» Problem details:
Every line of the material below that contains the string "Photo" must appear in the answer.

» Task inputs:

*-*-*

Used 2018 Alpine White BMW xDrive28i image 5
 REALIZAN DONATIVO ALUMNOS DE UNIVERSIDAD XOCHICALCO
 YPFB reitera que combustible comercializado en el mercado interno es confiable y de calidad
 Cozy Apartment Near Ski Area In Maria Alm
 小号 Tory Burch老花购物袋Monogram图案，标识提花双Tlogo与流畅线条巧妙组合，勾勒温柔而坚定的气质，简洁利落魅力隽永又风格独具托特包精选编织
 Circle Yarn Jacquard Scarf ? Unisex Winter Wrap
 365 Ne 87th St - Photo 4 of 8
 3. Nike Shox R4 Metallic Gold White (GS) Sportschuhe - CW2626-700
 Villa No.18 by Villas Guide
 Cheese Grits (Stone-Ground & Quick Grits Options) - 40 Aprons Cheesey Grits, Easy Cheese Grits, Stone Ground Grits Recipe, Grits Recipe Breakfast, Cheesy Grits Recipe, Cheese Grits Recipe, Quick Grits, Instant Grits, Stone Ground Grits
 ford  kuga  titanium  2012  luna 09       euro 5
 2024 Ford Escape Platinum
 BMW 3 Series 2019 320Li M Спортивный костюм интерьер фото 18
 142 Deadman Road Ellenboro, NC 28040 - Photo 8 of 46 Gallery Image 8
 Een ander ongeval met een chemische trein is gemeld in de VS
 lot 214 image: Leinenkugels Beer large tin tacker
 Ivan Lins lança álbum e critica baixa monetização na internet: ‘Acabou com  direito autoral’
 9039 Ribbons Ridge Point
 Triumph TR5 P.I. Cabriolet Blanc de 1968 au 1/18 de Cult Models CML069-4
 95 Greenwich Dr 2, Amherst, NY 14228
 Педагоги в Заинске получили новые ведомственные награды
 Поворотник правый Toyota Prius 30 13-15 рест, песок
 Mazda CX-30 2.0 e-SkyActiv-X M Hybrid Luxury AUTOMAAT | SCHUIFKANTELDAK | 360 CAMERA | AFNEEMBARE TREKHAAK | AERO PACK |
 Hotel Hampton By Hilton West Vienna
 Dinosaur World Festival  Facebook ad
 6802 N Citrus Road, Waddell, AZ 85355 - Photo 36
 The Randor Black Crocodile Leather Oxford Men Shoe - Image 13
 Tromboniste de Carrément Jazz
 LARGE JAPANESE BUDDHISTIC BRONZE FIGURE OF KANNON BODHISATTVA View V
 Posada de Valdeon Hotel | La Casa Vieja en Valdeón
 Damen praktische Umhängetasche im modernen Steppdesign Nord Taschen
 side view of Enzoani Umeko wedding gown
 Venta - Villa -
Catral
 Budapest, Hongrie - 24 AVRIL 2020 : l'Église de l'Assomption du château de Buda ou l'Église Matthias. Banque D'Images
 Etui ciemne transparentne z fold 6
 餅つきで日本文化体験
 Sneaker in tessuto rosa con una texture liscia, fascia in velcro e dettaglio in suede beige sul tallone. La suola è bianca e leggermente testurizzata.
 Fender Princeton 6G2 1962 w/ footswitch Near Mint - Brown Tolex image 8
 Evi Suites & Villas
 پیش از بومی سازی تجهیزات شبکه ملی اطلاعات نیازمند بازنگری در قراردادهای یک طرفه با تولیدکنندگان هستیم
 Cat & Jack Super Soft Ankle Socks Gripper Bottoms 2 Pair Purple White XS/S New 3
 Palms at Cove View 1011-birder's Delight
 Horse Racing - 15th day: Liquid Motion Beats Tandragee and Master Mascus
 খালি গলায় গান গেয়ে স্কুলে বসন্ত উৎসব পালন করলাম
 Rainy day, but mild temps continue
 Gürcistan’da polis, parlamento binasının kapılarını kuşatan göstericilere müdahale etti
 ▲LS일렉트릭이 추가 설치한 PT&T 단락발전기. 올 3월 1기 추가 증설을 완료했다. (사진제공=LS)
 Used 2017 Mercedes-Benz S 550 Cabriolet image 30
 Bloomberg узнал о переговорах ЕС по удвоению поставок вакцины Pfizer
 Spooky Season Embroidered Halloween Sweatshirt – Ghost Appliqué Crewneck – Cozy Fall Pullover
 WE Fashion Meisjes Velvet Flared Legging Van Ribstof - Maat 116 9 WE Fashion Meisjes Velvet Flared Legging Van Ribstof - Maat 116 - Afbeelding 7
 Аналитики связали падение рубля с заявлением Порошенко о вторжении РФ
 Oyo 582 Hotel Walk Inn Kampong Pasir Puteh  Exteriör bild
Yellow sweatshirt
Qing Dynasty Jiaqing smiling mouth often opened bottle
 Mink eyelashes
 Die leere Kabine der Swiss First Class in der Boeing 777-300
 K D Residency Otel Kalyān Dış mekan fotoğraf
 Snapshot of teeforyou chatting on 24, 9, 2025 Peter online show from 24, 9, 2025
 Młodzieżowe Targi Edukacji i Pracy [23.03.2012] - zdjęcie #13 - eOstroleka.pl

*-*-*

» Solution to this problem:
 365 Ne 87th St - Photo 4 of 8
 142 Deadman Road Ellenboro, NC 28040 - Photo 8 of 46 Gallery Image 8
 6802 N Citrus Road, Waddell, AZ 85355 - Photo 36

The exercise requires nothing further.